Bergheim, 22.12.2015
Hier in der Heerstraße war erst ein lautes brummendes dröhnendes Geräusch zu hören und der Boden hat gewackelt, gefühlt wie auf einem Boot, schwer zu schätzen aber so ca. 10 Sek. lang. Es ist nichts aus den Schränken gefallen oder kaputt gegangen. Der Tannenbaum hat gewackelt und einige kleine Gegenstände haben sich verschoben. Zwei Bilderrahmen sind umgekippt und am Ende hat es ganz schön im Kamin gerasselt.

Bereits im vergangenen Jahr zeichnete sich das bevölkerungsreichste Bundesland durch Abwesenheit tektonischer Erdbeben aus. Auch in diesem Jahr gingen die meisten Beben von den Zechen Auguste Viktoria in Haltern und Marl und Prosper-Haniel in Bottrop und Oberhausen aus. Hinzu kommen zwei Erdbeben in Bergkamen. Insgesamt 14 mal waren die ausgelösten Beben dort so stark, dass die Magnitude 2 erreicht oder überschritten haben. Vor allem im Ortsteil Haltern-Lippramsdorf bebte es phasenweise fast täglich (bergbauinduzierte Erdbeben sind ab Magnitude 1.2 spürbar).
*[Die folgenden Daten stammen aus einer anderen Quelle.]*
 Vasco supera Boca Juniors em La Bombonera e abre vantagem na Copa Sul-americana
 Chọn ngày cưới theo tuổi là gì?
Beim stärksten Erdbeben im April wurden 10 Gebäude beschädigt. Im Dezember wurde an Auguste Viktoria die letzte Kohle gefördert. Mit dem Ende des Bergbaus könnten in den kommenden Jahren auch die Erdbeben ein Ende finden.
Das von der Intensität her stärkste Erdbeben des Jahres wurde kurz vor Weihnachten in Bergheim westlich von Köln aufgezeichnet. Auch dieses ist eine Folge des Bergbaus. Das einzig spürbare Erdbeben westlich des Rheins warf Objekte aus Regalen und ließ ein Haus leicht beschädigt zurück. Stärke 2.4 ergaben die Aufzeichnungen.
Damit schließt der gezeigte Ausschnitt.